7. The thermal printer of claim 3 whereby as said head positioning arm
moves from an ejecting position to a loading position, said first cam
rotates to lower said pin receiving recess of said head positioning arm
and in turn lower said print head assembly so that said assembly tilts
until said guide means contact said platen.
8. The thermal printer of claim 3 wherein an adjustment screw in close
proximity to said pin receiving recess adjusts where said head positioning
arm contacts said first pin as said arm moves from the print position to
other positions.
Description
BACKGROUND OF THE INVENTION
1. Field of the Invention
The present invention relates to a color thermal printing system having a
print head assembly which is insensitive to disturbances of the cover
mechanism for the thermal printer.
2. Description of the Prior Art
Thermal printers often provide a means to replace the thermal dye donor
media and/or the dye receiver media in the printer by opening a portion of
the printer. To open the printer, the user releases a latch in a cover
mechanism and swings the cover open to gain access to the media supplies.
These cover mechanisms are usually located in the top portion of the
printer, opening upward.
The cover mechanism can have some of the major printer components attached
to it, so that as the cover is swung open these components move away from
media transport paths to permit easier loading of new media. The cover
mechanism usually has a hinge or pivot axis along one side of the
mechanism and a latch component to keep the cover closed during operation
but permit opening for loading media. To permit proper latch operation and
opening, the cover cannot be rigidly locked to the rest of the thermal
printer structure. These configurations have a problem when a weight, such
as the user leaning on the cover or a heavy load like a book, is placed
upon the cover. These weights distort the cover and move components
attached to the cover even though the cover is closed. When the print head
is moved, artifacts or defects can be produced in a print.

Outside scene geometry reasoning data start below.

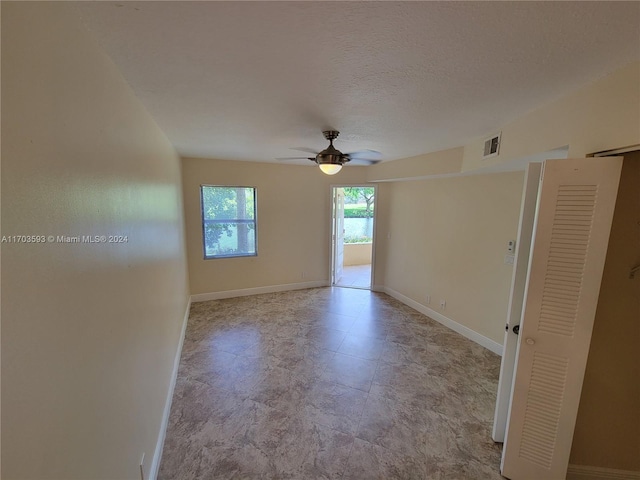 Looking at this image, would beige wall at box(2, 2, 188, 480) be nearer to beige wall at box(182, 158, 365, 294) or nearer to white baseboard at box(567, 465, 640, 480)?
white baseboard at box(567, 465, 640, 480)

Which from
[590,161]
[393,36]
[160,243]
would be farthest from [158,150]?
[590,161]

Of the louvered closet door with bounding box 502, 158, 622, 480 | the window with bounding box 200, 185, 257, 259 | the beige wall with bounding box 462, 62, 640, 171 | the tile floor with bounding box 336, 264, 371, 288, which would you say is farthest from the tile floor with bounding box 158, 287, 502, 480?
the beige wall with bounding box 462, 62, 640, 171

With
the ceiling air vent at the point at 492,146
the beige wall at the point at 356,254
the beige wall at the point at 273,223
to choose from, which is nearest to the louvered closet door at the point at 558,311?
the ceiling air vent at the point at 492,146

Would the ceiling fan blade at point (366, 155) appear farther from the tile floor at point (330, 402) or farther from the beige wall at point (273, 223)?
the tile floor at point (330, 402)

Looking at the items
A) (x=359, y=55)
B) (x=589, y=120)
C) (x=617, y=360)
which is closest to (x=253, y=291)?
(x=359, y=55)

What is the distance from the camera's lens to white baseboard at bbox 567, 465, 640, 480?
1.65 meters

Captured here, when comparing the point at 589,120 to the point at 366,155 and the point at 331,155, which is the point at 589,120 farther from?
the point at 366,155

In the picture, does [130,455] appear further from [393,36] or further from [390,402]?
[393,36]

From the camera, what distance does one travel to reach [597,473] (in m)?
1.66

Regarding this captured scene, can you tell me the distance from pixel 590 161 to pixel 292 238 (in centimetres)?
415

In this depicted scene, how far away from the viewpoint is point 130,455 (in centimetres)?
131

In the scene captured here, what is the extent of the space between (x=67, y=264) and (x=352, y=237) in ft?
25.3

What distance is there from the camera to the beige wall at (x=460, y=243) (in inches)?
119

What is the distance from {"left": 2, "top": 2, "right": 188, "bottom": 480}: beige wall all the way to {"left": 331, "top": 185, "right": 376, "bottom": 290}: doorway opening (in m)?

FIG. 1 shows a prior art thermal printer 10 (see U.S. Pat. No. 4,838,713)
where a platen 20 and a receiver supply spool 22 are attached to a cover
mechanism 30. The cover mechanism 30 is attached in turn to a main printer
structure 12 at cover pivot shaft 32. A print head assembly 70 which
mounts a print head 80 and a head positioning mechanism 50 are attached to
the main printer structure 12 at a head pivot shaft 52. When the cover
mechanism 30 is opened, the platen 20 lifts away from the print head
assembly 70. The cover pivot shaft 32 is widely separated from the head
pivot shaft 52. When force is applied to the cover mechanism 30, a
misalignment of the platen 20 and the print head 80 occurs which is
directly related to the separation of the cover and head pivot shafts 32,
52. Such misalignment results in inferior print quality.

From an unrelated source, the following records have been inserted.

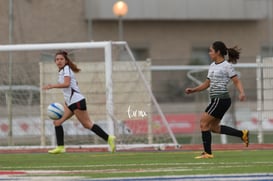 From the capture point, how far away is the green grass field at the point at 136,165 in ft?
36.6

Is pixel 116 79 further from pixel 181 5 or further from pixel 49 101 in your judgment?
pixel 181 5

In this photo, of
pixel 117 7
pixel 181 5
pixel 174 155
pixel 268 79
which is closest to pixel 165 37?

Alternate designs for thermal printers reverse the component
configurations, attaching the print head assembly to the cover while the
platen is attached to the main printer structure. However, these designs
also have widely separated pivot shafts for the cover and print head
assemblies. All of these thermal printer designs are thus sensitive to
disturbance of the cover mechanism caused by, for example, printer
vibration. These disturbances result in misalignment of the print head and
the platen, producing lower quality prints. The cover mechanism's
sensitivity to disturbance is directly related to the distance between the
pivot shaft of the cover mechanism and the pivot shaft of the component
attached to the cover mechanism, whether the print head assembly or the
platen.
SUMMARY OF THE INVENTION
The object of the present invention is to reduce or eliminate the
sensitivity of a thermal print head to any distortions or vibrations of a
cover mechanism.
A further object of this invention is to provide multiple print head
positions during printer operation, permitting optimization of
head-to-platen distance and frictional forces for various stages of the
printer's operation, such as printing, loading and ejecting.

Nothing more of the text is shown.